(Beginning of Material to process)

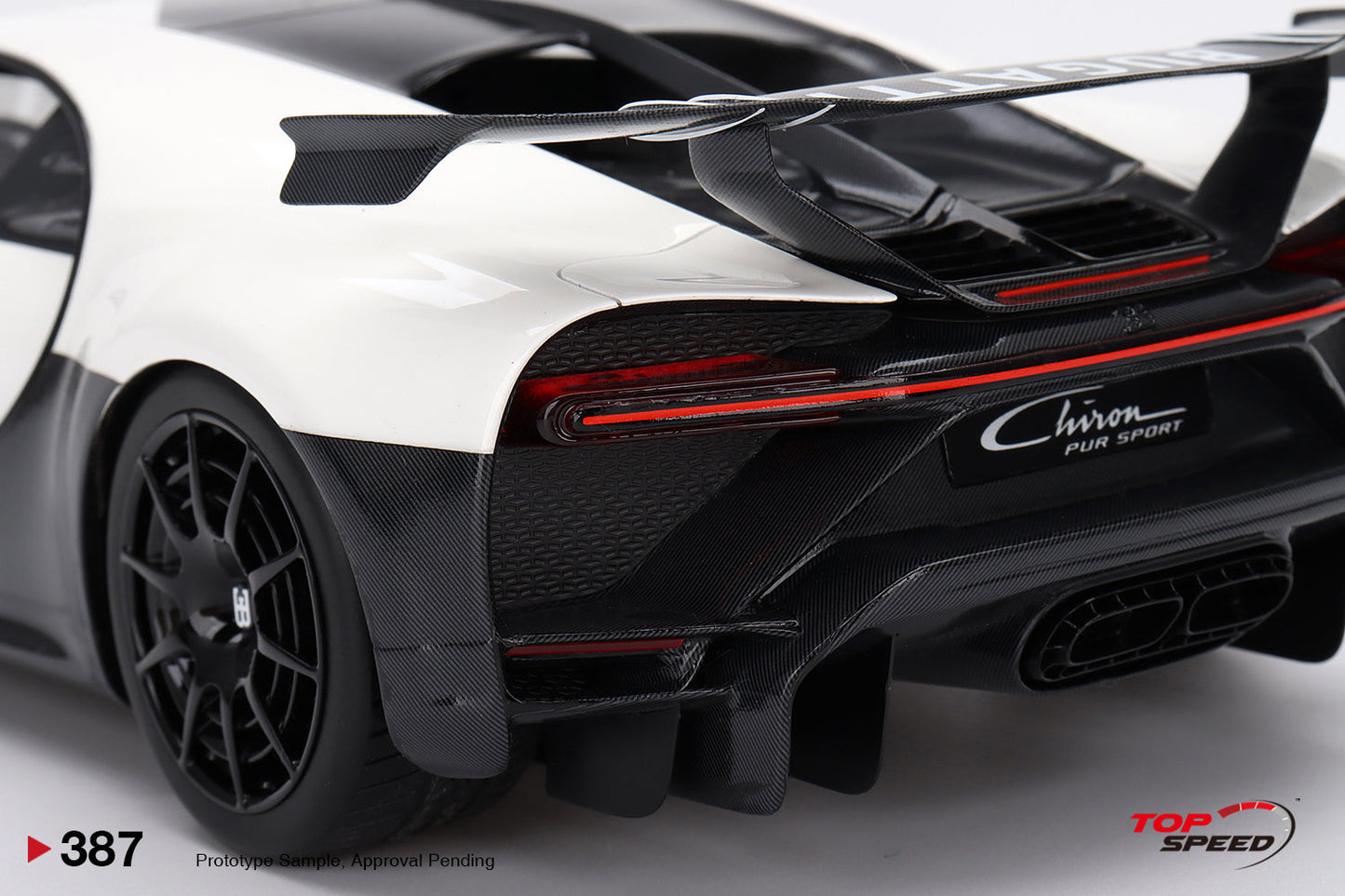 Topspeed 1:18 Bugatti Chiron Pur Sport White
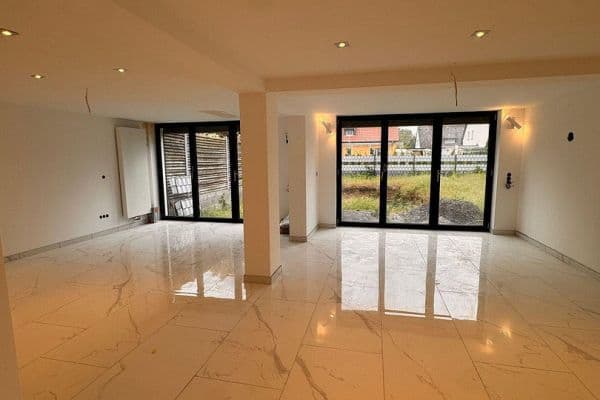 Predaj domu 141 m², pozemok 418 m², Worms, Porýnie-Falcko Predaj domu 141 m², pozemok 418 m², Worms, Porýnie-Falcko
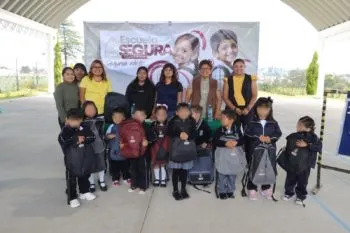 Tere Alfaro entrega mochilas y útiles escolares a más de 600 niños en Cuautlancingo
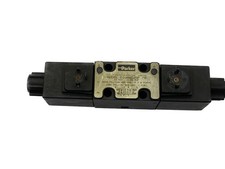 USED Parker 24VDC 1A 24W 5000 Psi D03 Dual Hydraulic Solenoid Valve D1VW4CJWF 70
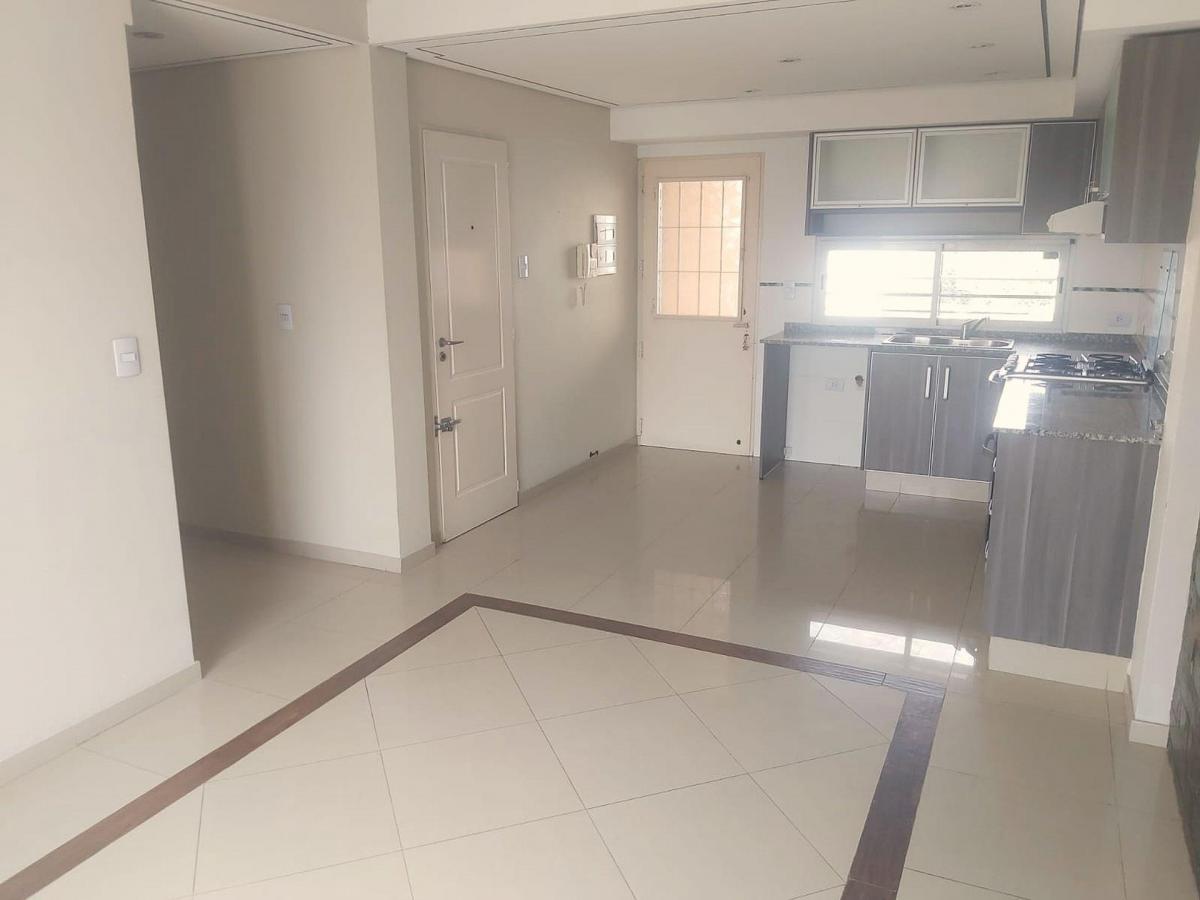 Venta Departamento 3 Ambientes Duplex San Martin 3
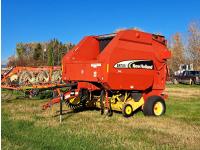 New Holland BR780A Round Baler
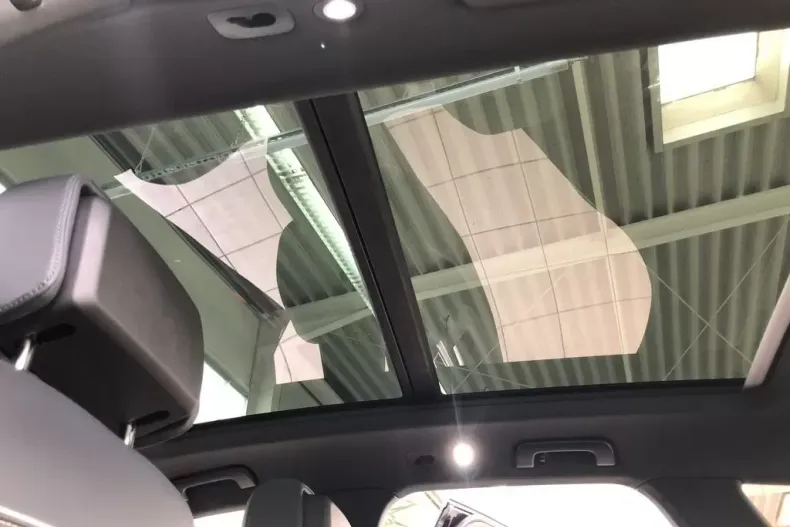 Volkswagen Touareg din 2021 cu 27.368 km - oferta VOL126115 - foto 6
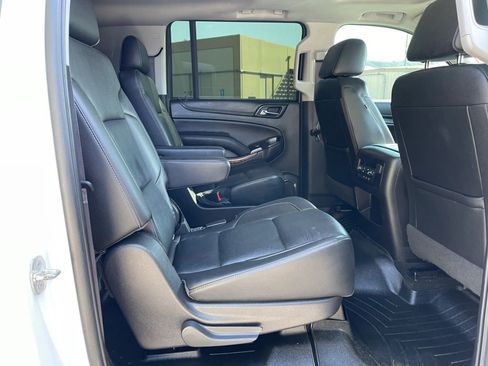 Used 2017 Chevrolet Suburban Premier AWD/4WD image 32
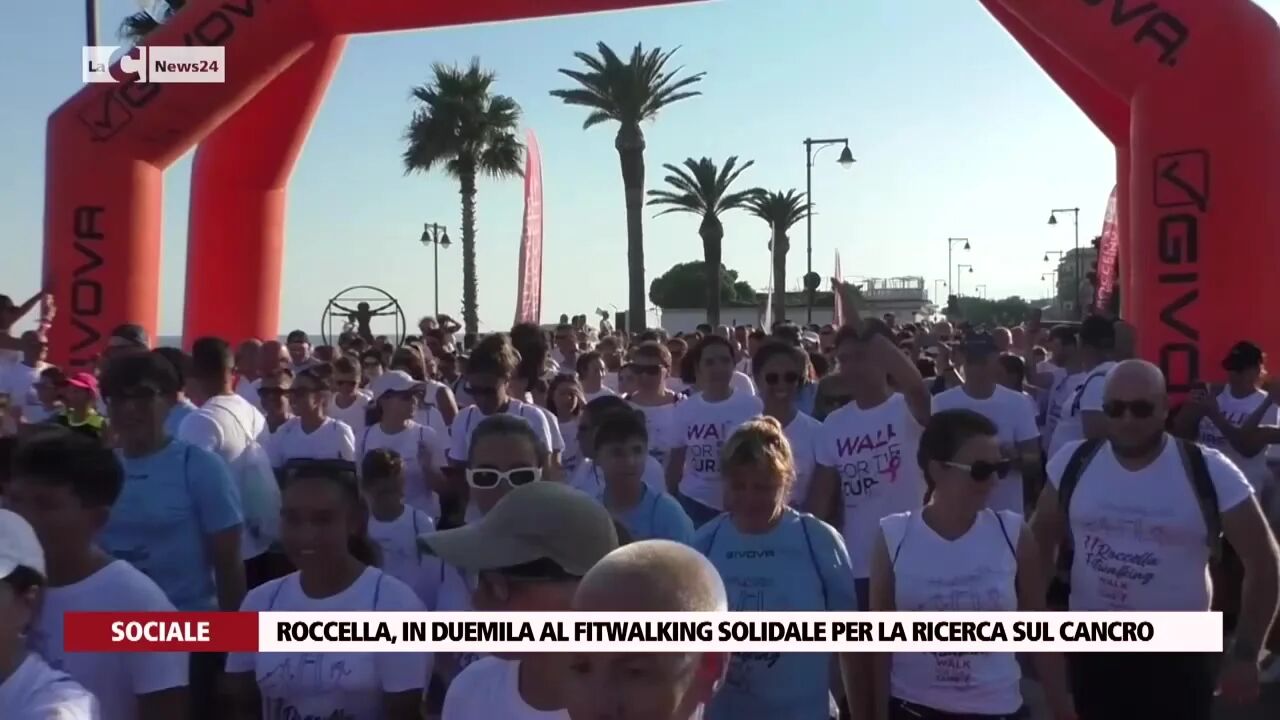 Roccella, in duemila al Fitwalking solidale per la ricerca sul cancro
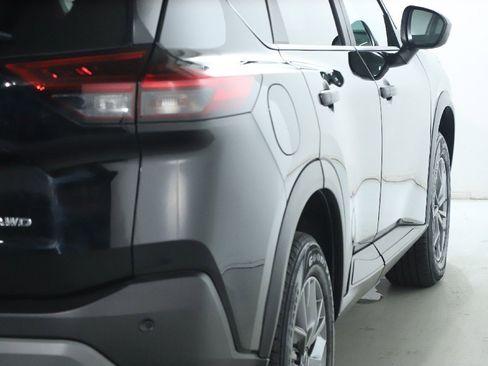 Used 2023 Nissan Rogue S image 45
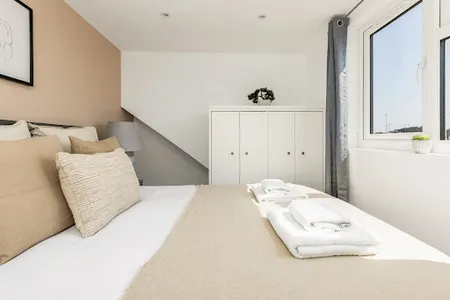 The Wembley Central Collection (Shared Kitchen & Bathroom))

(End of Material to process)

- [What you should do]
Only the lines from the one holding "New Holland BR780A Round Baler" through the end of the data are to be printed, exactly as they stand and with no pictures.

- [Worked solution]
 New Holland BR780A Round Baler
 Volkswagen Touareg din 2021 cu 27.368 km - oferta VOL126115 - foto 6
 Used 2017 Chevrolet Suburban Premier AWD/4WD image 32
 Roccella, in duemila al Fitwalking solidale per la ricerca sul cancro
 Used 2023 Nissan Rogue S image 45
 The Wembley Central Collection (Shared Kitchen & Bathroom))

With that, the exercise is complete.